Berita Perbankan – Fenomena jatuhnya Bank Perekonomian Rakyat (BPR) setiap tahunnya menjadi perhatian khusus Lembaga Penjamin Simpanan (LPS). Setidaknya rata-rata ada sekitar 6 hingga 7 BPR dalam setahun yang harus dilikuidasi. Meski demikian hingga Oktober 2023, jumlah bank yang dilikuidasi LPS tercatat hanya 2 bank.
Ketua Dewan Komisioner LPS, Purbaya Yudhi Sadewa menyatakan bahwa sering kali, masalah tata kelola bisnis menjadi penyebab utama kebangkrutan bank-bank kecil.

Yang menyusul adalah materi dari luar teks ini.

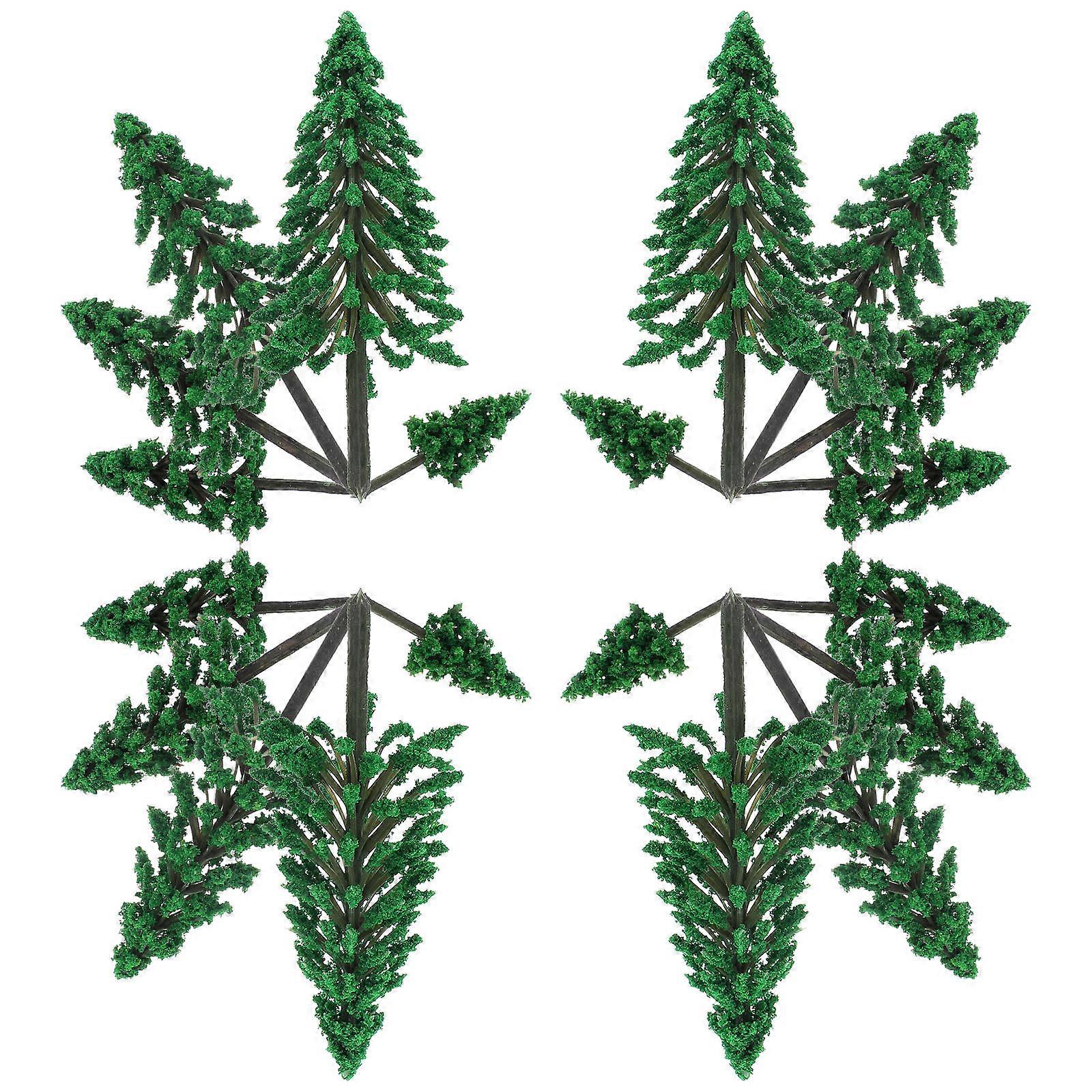 Scenery Tree Model Miniature Model Tree Ornament for Decor 20Pcs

Terbaru BPR Karya Remaja Indramayu (KRI) dinyatakan bangkrut oleh Otoritas Jasa Keuangan (OJK) pada 12 September 2023, diduga karena adanya kesalahan dalam manajemen taat kelola perusahaan.
Merespon keputusan OJK yang mencabut izin usaha BPR KRI tersebut, LPS telah melakukan proses rekonsiliasi dan verifikasi serta mencairkan klaim penjaminan simpanan nasabah secara bertahap kepada lebih dari 25 ribu rekening nasabah dengan total nilai simpanan yang dibayarkan mencapai Rp 270 miliar.

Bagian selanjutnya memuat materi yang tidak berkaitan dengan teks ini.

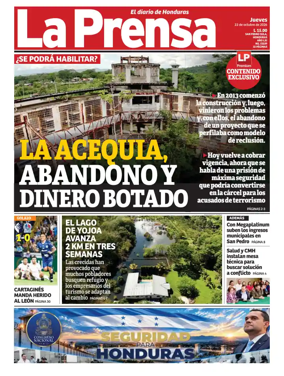 Cover of Diario La Prensa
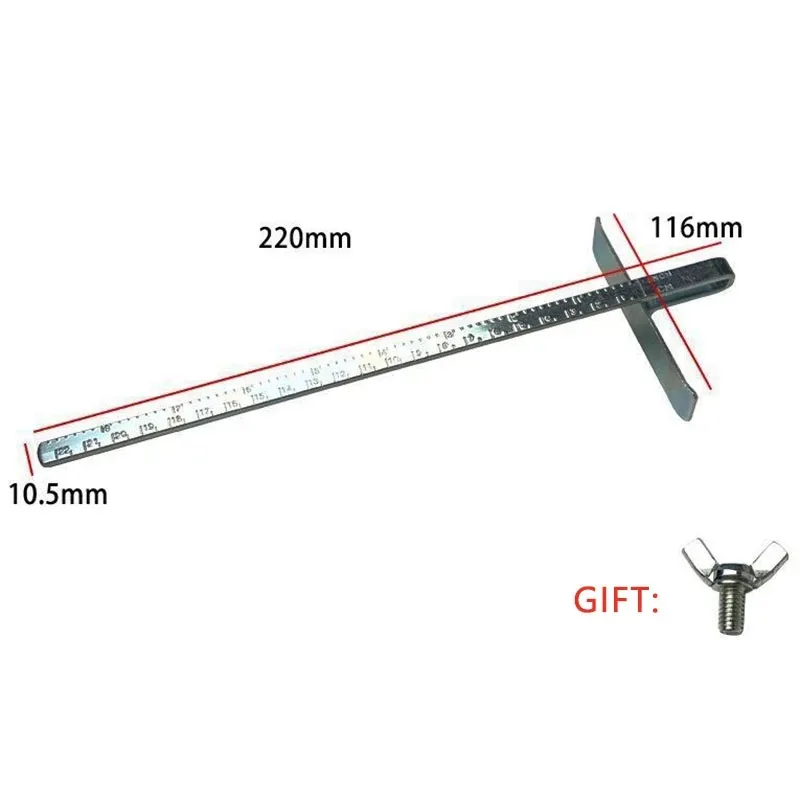 5835 Electric Circular Saw Guide & Depth Ruler Accessories 7 Inch Lithium Circular Saw Positioning Gauge for Woodworking Cutting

Terkait dengan penyebab jatuhnya BPR KRI, LPS akan melakukan penyelidikan terhadap bank tersebut untuk memahami permasalahan tersebut lebih lanjut. Jika ditemukan adanya bukti kecurangan dan tindakan kejahatan perbankan maka LPS secara tegas akan menyeret seluruh pihak yang terlibat ke pengadilan untuk mempertanggungjawabkan perbuatan mereka.
“Mereka yaitu manajemen dan pemilik saham BPR, atau siapa pun yang misalnya melakukan tindak kejahatan perbankan akan kami kejar terus untuk mempertanggung jawabkan perbuatannya,” ujarnya.

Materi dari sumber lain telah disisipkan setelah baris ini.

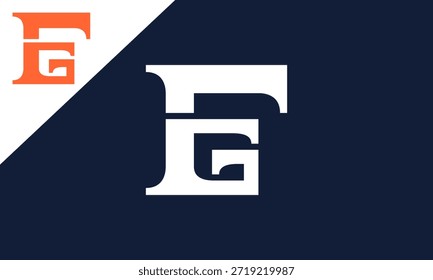 Plantilla de logotipo de letra FG GF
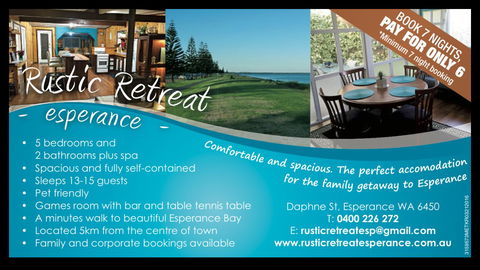 Rustic Retreat Esperance - Accommodation Nelson Bay 33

Berdasarkan data dari OJK, per Maret 2023 jumlah BPR yang beroperasi di Indonesia berjumlah 1.426 perusahaan. Jumlah ini telah mengalami penyusutan dibandingkan data pada akhir tahun 2022, di mana jumlah BPR tercatat sebanyak 1.608 unit. Namun perlu diketahui hal ini bukan disebabkan oleh krisis, akan tetapi OJK memang mendorong adanya merger dan akusisi terhadap bank-bank kecil agar memenuhi syarat modal minimum yang ditetapkan OJK.
“Rupanya sudah turun banyak nih. Oh gak denger kepanikan macam-macam? Itu karena merger, akuisisi, atau konsolidasi yang didesain OJK,” kata Purbaya.
Purbaya menjelaskan bahwa penurunan jumlah BPR tidak selalu berarti kabar buruk, karena penurunan tersebut lebih dikaitkan dengan jumlah BPR yang dilikuidasi menjadi semakin berkurang sehingga mampu menjaga stabilitas sistem keuangan nasional.
Purbaya menyebutkan sejak LPS beroperasi tahun 2005 hingga pertengahan tahun 2023 ini, sebanyak 120 bank telah diikudiasi LPS yang terdiri dari 119 BPR/BPR Syariah dan 1 bank umum. Sementara itu total nilai simpanan yang terdampak mencapai Rp2,26 triliun milik 313.814 rekening nasabah.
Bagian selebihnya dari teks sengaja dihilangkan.